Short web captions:
----
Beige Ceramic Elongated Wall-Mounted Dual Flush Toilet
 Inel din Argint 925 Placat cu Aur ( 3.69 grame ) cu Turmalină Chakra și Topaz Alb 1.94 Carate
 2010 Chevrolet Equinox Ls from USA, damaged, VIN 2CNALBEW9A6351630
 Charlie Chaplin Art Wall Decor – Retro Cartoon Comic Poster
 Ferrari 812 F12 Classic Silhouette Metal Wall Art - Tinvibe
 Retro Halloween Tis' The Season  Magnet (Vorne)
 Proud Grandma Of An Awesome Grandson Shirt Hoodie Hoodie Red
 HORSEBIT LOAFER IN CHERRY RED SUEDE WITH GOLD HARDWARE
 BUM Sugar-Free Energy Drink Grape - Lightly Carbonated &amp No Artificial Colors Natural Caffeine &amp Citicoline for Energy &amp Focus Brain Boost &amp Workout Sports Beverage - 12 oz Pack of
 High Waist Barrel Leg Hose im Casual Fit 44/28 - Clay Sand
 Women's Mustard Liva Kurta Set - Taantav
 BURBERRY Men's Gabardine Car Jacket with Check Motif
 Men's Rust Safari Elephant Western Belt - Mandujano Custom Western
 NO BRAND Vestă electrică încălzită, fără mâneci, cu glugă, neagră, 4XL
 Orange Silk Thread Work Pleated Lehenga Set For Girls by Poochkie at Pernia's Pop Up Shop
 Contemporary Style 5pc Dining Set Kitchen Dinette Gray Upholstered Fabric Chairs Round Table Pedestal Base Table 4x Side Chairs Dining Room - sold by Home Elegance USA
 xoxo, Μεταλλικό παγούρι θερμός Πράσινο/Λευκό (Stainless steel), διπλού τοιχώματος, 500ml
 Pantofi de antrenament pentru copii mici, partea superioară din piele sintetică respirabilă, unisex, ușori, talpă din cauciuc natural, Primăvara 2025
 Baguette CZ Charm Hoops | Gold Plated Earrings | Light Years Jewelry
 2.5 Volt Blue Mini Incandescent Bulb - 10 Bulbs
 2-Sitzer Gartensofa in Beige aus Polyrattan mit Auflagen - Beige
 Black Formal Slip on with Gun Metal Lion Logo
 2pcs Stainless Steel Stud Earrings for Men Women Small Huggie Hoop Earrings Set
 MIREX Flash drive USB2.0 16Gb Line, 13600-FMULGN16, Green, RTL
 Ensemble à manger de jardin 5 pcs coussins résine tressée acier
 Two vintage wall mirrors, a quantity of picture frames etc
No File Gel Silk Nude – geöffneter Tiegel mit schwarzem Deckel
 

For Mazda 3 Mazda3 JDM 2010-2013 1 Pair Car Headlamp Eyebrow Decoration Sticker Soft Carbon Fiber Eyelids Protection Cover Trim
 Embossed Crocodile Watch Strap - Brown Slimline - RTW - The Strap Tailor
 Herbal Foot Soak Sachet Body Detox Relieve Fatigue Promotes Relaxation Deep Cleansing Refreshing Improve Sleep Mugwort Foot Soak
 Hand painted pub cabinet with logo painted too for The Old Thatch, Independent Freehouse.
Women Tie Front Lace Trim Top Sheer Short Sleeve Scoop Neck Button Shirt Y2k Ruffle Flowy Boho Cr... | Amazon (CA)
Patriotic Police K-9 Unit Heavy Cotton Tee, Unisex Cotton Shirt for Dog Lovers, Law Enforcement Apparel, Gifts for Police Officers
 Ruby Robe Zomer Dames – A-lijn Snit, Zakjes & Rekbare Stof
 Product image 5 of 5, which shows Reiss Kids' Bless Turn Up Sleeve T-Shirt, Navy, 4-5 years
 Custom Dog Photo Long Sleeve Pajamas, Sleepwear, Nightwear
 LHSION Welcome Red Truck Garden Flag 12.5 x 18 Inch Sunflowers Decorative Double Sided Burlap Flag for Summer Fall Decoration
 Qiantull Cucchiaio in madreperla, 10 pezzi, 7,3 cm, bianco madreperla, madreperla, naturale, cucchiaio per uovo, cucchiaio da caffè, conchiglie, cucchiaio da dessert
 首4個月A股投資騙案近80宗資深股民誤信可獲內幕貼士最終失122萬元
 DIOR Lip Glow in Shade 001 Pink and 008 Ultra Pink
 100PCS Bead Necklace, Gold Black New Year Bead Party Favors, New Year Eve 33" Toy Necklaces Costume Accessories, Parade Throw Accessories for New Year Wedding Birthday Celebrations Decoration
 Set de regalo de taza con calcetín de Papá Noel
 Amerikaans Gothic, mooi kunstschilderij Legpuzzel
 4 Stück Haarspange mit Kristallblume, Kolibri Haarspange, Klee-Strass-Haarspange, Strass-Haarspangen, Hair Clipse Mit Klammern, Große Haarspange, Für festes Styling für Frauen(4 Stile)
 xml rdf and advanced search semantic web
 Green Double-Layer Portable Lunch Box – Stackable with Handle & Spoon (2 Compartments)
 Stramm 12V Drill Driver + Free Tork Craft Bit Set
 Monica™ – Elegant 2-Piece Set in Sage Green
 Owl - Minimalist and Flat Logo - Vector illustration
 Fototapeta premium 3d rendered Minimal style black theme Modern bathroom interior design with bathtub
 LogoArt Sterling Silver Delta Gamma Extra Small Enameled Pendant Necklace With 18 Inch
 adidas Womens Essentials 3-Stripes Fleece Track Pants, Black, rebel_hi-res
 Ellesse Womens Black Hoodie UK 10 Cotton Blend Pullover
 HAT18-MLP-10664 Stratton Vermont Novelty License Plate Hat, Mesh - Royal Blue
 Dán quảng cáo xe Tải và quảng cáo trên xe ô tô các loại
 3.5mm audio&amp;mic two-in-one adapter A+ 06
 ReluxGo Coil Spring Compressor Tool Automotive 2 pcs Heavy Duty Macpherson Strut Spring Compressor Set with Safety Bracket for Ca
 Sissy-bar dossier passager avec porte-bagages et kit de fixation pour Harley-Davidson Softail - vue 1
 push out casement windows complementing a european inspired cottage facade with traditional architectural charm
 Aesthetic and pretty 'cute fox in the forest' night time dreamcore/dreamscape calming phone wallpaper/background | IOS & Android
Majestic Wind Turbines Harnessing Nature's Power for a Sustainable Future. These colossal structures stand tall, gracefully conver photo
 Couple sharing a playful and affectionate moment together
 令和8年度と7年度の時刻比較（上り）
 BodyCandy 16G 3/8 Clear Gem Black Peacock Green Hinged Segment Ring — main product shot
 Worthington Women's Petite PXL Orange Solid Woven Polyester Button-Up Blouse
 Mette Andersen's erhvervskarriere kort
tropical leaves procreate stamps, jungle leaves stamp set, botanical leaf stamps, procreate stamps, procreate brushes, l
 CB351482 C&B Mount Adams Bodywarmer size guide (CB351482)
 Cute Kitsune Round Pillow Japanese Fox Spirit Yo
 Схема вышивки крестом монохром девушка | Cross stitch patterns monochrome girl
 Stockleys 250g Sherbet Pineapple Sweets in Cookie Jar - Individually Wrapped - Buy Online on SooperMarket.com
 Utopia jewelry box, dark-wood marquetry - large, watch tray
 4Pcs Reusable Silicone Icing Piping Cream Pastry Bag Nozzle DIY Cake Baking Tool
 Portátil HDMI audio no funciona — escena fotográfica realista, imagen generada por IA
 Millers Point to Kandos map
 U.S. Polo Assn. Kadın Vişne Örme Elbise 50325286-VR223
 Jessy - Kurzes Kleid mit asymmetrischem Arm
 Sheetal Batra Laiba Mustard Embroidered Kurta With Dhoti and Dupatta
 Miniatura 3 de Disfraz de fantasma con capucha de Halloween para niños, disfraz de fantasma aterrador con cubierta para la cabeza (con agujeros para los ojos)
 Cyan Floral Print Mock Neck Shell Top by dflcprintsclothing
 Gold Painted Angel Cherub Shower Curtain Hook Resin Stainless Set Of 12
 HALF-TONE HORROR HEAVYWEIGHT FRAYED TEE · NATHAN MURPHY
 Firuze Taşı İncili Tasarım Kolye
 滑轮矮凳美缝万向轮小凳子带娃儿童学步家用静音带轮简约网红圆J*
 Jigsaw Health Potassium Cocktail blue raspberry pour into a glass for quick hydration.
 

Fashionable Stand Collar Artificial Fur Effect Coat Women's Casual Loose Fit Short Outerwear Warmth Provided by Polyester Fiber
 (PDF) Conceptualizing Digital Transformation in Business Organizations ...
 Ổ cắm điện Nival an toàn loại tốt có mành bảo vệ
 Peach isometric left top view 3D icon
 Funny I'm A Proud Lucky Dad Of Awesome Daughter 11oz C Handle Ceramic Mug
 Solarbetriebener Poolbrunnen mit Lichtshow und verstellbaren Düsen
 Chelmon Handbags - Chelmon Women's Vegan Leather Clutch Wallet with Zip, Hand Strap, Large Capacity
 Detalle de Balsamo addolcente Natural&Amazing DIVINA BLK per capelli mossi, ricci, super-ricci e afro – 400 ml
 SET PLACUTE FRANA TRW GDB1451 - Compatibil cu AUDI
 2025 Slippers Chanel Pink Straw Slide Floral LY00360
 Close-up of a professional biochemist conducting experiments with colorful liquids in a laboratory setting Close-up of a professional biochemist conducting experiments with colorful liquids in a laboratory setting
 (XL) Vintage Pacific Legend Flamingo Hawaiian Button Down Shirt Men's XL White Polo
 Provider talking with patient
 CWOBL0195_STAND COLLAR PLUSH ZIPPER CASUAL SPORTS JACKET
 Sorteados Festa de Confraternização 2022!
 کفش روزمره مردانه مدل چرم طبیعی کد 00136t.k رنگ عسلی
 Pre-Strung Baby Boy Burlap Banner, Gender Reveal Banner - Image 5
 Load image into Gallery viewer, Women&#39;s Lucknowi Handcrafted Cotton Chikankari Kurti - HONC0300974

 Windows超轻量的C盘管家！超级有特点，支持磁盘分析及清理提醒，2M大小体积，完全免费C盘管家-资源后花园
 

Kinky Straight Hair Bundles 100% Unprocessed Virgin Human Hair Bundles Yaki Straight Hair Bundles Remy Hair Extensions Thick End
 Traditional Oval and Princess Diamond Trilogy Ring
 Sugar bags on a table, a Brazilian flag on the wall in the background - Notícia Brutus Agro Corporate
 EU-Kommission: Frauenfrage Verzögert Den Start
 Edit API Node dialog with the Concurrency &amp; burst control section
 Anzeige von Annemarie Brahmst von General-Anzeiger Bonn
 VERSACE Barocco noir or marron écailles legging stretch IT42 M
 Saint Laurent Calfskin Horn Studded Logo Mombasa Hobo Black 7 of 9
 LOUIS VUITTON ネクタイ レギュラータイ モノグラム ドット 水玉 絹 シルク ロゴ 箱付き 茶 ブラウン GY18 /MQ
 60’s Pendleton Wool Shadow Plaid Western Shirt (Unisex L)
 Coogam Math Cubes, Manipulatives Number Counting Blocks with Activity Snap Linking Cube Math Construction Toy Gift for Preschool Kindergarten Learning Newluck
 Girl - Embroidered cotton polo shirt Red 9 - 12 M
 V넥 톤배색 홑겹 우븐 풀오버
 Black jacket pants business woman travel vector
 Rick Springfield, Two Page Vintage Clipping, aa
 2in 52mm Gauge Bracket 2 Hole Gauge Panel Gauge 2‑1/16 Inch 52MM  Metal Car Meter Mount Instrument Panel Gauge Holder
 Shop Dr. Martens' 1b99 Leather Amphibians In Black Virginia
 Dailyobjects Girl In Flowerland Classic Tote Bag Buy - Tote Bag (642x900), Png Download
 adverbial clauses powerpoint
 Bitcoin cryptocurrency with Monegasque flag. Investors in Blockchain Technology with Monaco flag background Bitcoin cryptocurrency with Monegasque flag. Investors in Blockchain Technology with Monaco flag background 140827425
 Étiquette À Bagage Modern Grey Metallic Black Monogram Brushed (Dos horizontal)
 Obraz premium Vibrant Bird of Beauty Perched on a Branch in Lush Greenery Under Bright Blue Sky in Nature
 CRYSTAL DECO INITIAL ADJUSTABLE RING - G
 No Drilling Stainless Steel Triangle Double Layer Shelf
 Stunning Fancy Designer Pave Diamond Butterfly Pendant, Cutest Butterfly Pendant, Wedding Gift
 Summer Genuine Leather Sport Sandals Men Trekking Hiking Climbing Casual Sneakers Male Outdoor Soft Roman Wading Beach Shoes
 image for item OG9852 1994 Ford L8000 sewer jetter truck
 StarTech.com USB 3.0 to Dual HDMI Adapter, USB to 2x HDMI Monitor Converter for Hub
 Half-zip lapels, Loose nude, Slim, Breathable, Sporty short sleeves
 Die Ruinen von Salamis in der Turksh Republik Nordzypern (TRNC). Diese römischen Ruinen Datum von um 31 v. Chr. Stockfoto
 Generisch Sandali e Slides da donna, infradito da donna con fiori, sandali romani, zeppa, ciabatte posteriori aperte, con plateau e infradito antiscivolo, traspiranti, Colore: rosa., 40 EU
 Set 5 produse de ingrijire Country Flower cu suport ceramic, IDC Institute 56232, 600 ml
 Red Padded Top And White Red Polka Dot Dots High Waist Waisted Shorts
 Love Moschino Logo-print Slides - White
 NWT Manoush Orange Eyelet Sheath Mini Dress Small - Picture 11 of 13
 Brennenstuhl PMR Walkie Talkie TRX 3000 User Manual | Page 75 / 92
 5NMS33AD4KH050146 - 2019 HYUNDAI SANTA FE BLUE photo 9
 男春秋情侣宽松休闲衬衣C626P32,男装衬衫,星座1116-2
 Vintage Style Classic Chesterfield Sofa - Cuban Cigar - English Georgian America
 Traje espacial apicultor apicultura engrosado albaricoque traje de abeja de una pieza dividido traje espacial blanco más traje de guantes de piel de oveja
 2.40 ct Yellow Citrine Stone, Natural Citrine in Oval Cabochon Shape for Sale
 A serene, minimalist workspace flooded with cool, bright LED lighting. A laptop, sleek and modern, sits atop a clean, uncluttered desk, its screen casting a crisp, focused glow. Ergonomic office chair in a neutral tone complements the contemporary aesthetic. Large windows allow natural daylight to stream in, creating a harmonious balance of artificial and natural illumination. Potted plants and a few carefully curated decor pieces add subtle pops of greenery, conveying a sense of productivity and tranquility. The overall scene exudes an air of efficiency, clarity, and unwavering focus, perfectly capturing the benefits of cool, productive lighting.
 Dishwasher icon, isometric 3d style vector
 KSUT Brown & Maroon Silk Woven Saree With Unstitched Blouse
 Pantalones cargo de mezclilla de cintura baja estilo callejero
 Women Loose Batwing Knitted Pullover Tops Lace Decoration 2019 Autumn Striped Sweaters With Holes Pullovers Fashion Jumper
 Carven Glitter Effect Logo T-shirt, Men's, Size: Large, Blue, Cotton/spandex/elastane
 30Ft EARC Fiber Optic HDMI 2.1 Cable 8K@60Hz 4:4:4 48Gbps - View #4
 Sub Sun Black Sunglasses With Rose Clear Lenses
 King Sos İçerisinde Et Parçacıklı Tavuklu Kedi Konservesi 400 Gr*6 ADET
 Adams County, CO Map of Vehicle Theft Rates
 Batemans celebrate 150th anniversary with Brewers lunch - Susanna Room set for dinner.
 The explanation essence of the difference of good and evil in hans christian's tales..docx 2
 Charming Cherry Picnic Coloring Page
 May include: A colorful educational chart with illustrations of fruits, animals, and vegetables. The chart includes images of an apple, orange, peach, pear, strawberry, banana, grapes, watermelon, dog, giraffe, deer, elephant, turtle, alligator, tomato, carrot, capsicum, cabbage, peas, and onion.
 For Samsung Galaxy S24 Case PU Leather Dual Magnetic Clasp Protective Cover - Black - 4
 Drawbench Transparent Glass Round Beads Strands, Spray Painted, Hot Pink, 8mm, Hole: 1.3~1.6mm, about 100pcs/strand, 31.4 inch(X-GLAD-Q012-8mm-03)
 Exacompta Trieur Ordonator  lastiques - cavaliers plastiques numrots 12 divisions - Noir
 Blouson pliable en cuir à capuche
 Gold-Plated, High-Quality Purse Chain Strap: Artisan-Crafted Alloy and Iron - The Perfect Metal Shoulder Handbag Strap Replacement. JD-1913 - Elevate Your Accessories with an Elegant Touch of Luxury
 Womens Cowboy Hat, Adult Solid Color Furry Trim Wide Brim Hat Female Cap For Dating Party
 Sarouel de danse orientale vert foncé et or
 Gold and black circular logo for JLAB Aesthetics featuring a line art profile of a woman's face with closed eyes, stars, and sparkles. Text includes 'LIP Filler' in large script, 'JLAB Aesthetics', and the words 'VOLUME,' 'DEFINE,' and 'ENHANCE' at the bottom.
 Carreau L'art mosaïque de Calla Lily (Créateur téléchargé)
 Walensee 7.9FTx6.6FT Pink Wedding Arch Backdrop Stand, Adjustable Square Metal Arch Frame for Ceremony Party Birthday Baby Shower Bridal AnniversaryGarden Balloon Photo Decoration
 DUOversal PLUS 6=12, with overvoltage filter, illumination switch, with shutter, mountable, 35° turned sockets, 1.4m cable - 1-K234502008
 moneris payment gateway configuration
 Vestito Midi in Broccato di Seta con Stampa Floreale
----
Of the entries listed above, reproduce only the lines starting at the line containing "Utopia jewelry box, dark-wood" and ending at the line containing "Sheetal Batra Laiba". Include both, exactly as they stand.

# Written solution
 Utopia jewelry box, dark-wood marquetry - large, watch tray
 4Pcs Reusable Silicone Icing Piping Cream Pastry Bag Nozzle DIY Cake Baking Tool
 Portátil HDMI audio no funciona — escena fotográfica realista, imagen generada por IA
 Millers Point to Kandos map
 U.S. Polo Assn. Kadın Vişne Örme Elbise 50325286-VR223
 Jessy - Kurzes Kleid mit asymmetrischem Arm
 Sheetal Batra Laiba Mustard Embroidered Kurta With Dhoti and Dupatta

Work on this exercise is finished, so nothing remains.